Australia’s earliest tractor and deep space exploration
What does Australia’s earliest tractor have in common with Mars landing vehicles? The two surprising similarities are terrain and wheels.
NASA visits the outback
In 2019, NASA scientists together with members of the joint European–Russian ExoMars mission visited Australia’s outback to learn lessons about the oldest convincing evidence of life on Earth.
Did you know that the rocks in the Pilbara region are approximately the same age as those on Mars, ranging from 2.5 to 3.5 billion years old? This field trip provided essential knowledge that could be directly applied to the mission plan for landing a rover on the red planet.
Tractor wheels and steel lugs
Whether you are designing vehicles for exploration on Mars or for agriculture across our Great Southern Land, it is important to consider the terrain and design the wheels accordingly.
Australia’s earliest tractor, known as the EA, was made possible by the invention of the oil-driven internal combustion engine in the 1870s and was first released in 1908. In 1912, the engineers, Alfred and Ernest McDonald, improved the design and released the second generation, the EB.

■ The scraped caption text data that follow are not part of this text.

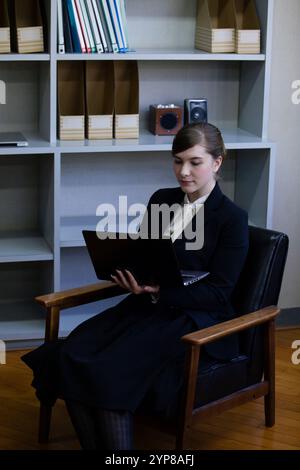 Donna d'affari seduta su una sedia rivestita in pelle Foto Stock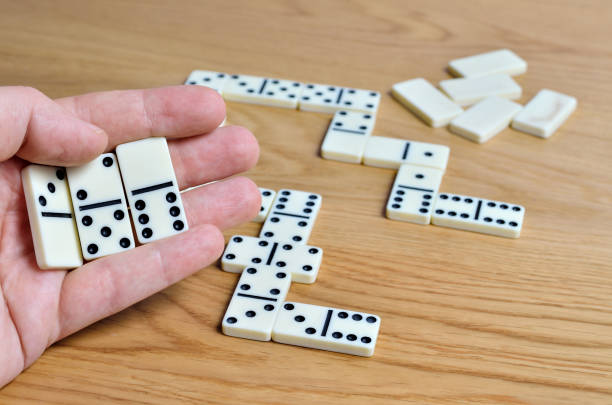 istock Playing dominoes on a wooden table. Dominoes game concept 1205130514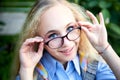Pretty teenage girl 14-16 year old with curly long blonde hair and in glasses in the green park in a summer day outdoors. Royalty Free Stock Photo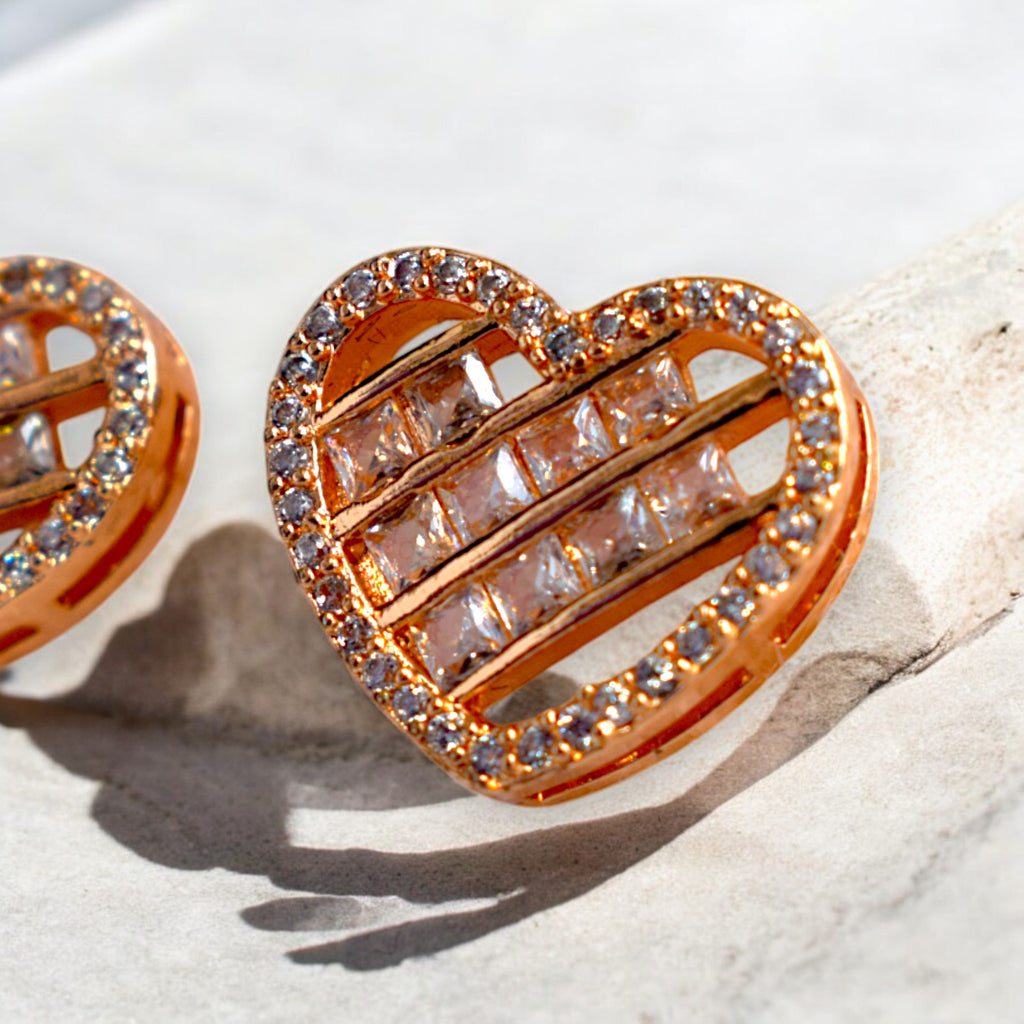 close up of a heart shaped zirconia stoned gold earrings placed on a white marble floor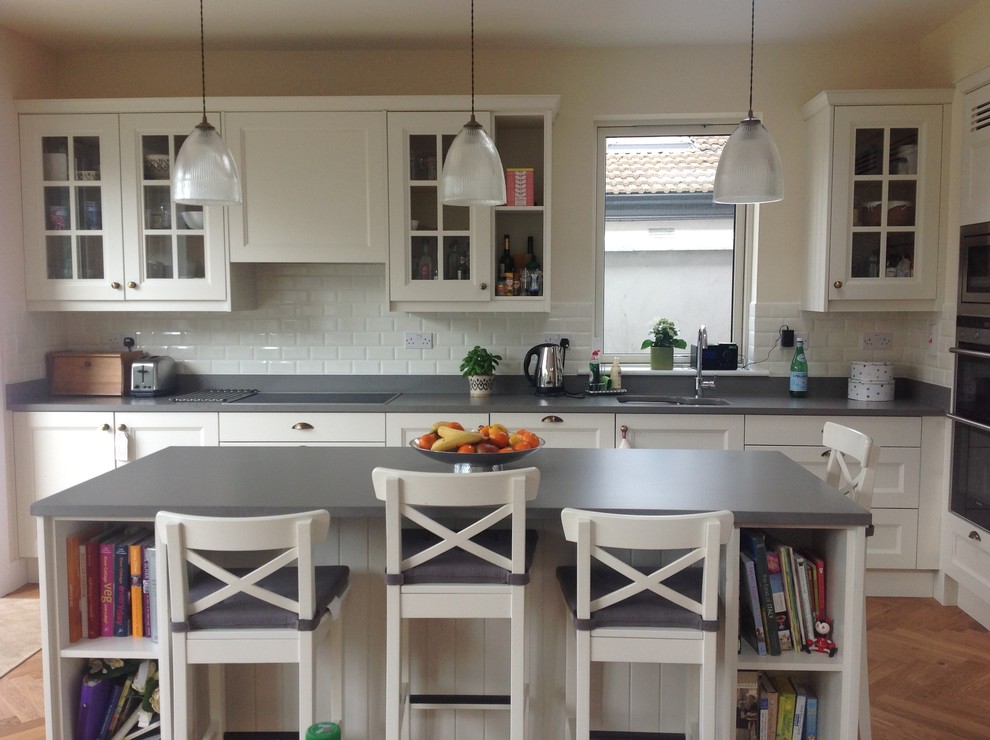 Photo of a mid-sized l-shaped eat-in kitchen in Dublin with an undermount sink, flat-panel cabinets, light wood cabinets, recycled glass benchtops, white splashback, ceramic splashback, stainless steel appliances, medium hardwood floors and with island.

The EB came 20 years before the invention and use of pneumatic rubber tractor tyres and so the wheels were made from steel. The rear wheels on the EB have steel lugs, in the form of low-level square section rods, welded to the surface to provide greater traction on softer ground.
During the early 1920s, Australia led the way in the development of steel lugs for agricultural purposes. For a while, Australian company Ronaldson Tippet was set to become the country’s largest tractor manufacturer with commissions to alter the wheels for several American tractor manufacturers. However, the invention of the rubber tractor tyre very soon surpassed the need for steel lugs.
Redesigning wheels for Mars
So why, with so many innovative improvements and advances in rubber technology, did NASA choose to develop metal tyres for a vehicle destined to explore the surface of Mars?
Perhaps the simplest answer is that the rover mission to Mars has cost well over $1 billion USD and tractor tyres, regardless of quality, are not puncture proof. A puncture on Mars could end the mission.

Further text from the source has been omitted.